:: DATASET ::
◆ ◆ ◆ ◆ ◆
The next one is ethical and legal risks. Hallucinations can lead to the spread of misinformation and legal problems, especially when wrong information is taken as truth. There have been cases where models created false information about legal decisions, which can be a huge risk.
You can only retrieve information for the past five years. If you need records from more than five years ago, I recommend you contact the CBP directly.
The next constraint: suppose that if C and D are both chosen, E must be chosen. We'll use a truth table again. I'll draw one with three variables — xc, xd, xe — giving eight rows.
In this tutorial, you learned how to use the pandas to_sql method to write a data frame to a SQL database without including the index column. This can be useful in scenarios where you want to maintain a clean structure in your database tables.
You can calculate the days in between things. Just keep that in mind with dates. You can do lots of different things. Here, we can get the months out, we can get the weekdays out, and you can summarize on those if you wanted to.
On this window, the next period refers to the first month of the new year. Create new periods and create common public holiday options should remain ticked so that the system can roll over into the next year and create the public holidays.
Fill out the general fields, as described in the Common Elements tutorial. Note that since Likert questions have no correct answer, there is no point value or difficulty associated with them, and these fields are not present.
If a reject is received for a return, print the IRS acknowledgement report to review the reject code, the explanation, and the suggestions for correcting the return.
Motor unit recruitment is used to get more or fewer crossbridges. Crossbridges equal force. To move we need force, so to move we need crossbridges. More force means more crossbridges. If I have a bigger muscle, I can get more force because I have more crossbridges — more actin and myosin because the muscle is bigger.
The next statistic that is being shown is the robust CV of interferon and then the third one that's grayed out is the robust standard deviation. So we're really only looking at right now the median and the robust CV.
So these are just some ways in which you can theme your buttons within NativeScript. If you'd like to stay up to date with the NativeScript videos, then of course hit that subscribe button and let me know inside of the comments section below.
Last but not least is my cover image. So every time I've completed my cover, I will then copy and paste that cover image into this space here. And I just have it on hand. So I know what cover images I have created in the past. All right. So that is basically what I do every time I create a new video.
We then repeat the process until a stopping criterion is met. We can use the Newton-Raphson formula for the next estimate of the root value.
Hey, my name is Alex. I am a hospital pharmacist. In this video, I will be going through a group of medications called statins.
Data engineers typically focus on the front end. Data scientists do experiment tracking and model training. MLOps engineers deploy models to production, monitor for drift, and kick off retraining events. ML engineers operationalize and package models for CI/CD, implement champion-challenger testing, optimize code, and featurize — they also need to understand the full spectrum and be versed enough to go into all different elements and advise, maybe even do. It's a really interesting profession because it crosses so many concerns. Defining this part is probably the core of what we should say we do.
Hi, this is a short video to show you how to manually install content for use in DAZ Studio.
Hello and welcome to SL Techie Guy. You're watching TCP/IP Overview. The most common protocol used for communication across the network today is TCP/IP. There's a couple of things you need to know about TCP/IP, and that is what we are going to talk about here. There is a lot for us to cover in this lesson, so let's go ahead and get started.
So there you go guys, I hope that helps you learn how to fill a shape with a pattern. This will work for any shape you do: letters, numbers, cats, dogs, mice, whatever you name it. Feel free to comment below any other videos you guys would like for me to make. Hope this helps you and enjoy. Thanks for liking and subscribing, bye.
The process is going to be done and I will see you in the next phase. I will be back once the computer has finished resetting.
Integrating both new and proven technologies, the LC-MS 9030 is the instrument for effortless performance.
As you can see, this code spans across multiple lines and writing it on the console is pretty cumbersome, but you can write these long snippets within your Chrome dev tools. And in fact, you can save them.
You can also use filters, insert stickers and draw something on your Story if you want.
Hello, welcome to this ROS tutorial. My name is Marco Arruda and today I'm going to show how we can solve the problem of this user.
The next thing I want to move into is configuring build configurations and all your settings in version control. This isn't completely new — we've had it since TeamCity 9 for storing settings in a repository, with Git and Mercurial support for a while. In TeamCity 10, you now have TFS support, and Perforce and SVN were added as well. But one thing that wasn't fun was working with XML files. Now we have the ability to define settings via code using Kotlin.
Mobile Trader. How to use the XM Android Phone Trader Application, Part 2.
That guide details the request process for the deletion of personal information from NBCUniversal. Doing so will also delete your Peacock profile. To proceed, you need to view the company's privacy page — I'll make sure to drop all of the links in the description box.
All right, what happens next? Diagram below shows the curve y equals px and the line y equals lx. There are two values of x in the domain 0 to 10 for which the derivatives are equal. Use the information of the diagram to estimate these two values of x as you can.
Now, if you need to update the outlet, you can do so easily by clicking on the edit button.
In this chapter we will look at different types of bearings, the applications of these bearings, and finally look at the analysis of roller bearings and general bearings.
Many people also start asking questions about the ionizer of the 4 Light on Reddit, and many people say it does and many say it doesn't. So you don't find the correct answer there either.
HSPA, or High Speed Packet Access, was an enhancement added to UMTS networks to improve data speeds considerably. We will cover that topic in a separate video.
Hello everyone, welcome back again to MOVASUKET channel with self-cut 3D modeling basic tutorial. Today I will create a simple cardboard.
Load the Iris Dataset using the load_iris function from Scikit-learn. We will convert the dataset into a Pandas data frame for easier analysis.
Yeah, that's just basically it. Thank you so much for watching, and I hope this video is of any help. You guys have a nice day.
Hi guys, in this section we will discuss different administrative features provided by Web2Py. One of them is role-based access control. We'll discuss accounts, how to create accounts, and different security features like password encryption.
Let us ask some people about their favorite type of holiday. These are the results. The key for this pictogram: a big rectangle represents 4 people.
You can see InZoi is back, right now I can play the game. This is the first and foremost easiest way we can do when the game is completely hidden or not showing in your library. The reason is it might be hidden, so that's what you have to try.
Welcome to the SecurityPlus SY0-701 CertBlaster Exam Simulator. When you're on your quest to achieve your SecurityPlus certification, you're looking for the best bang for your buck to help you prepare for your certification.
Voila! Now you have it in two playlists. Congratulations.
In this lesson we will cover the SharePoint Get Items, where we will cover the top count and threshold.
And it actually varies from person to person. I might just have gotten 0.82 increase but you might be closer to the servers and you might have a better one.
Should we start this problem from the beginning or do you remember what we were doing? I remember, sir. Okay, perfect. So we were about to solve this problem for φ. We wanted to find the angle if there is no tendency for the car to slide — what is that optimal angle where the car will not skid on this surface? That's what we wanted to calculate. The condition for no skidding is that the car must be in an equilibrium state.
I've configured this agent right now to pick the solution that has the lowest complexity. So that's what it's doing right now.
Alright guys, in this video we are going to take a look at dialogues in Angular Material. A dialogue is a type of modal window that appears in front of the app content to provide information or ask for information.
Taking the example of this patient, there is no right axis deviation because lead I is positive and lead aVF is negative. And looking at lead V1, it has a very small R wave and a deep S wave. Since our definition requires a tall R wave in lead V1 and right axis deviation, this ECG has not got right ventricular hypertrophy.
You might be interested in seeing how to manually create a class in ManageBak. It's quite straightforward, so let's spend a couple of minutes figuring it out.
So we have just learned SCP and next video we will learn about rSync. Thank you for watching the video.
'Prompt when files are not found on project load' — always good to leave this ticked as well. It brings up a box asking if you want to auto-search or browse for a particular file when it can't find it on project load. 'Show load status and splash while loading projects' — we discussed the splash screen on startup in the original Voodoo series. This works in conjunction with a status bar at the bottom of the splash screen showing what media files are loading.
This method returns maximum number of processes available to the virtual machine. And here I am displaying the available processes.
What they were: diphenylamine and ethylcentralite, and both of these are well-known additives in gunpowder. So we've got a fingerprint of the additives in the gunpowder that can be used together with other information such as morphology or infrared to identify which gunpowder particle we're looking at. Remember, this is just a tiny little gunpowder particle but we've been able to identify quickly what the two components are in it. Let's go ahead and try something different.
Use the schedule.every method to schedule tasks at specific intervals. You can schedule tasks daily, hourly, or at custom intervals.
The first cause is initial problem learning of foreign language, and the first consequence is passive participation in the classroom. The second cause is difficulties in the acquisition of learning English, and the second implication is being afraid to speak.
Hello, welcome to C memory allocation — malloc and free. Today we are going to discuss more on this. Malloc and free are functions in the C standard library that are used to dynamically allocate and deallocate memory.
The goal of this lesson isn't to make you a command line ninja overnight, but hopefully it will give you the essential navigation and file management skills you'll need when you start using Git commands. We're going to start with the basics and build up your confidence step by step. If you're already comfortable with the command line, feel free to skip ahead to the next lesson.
◆ ◆ ◆ ◆ ◆
:: ASSIGNMENT ::
Would you please copy, word for word, everything above from the line containing "Hello everyone, welcome" down to the line containing "Should we start", those two lines included?

:: EXERCISE SOLUTION ::
Hello everyone, welcome back again to MOVASUKET channel with self-cut 3D modeling basic tutorial. Today I will create a simple cardboard.
Load the Iris Dataset using the load_iris function from Scikit-learn. We will convert the dataset into a Pandas data frame for easier analysis.
Yeah, that's just basically it. Thank you so much for watching, and I hope this video is of any help. You guys have a nice day.
Hi guys, in this section we will discuss different administrative features provided by Web2Py. One of them is role-based access control. We'll discuss accounts, how to create accounts, and different security features like password encryption.
Let us ask some people about their favorite type of holiday. These are the results. The key for this pictogram: a big rectangle represents 4 people.
You can see InZoi is back, right now I can play the game. This is the first and foremost easiest way we can do when the game is completely hidden or not showing in your library. The reason is it might be hidden, so that's what you have to try.
Welcome to the SecurityPlus SY0-701 CertBlaster Exam Simulator. When you're on your quest to achieve your SecurityPlus certification, you're looking for the best bang for your buck to help you prepare for your certification.
Voila! Now you have it in two playlists. Congratulations.
In this lesson we will cover the SharePoint Get Items, where we will cover the top count and threshold.
And it actually varies from person to person. I might just have gotten 0.82 increase but you might be closer to the servers and you might have a better one.
Should we start this problem from the beginning or do you remember what we were doing? I remember, sir. Okay, perfect. So we were about to solve this problem for φ. We wanted to find the angle if there is no tendency for the car to slide — what is that optimal angle where the car will not skid on this surface? That's what we wanted to calculate. The condition for no skidding is that the car must be in an equilibrium state.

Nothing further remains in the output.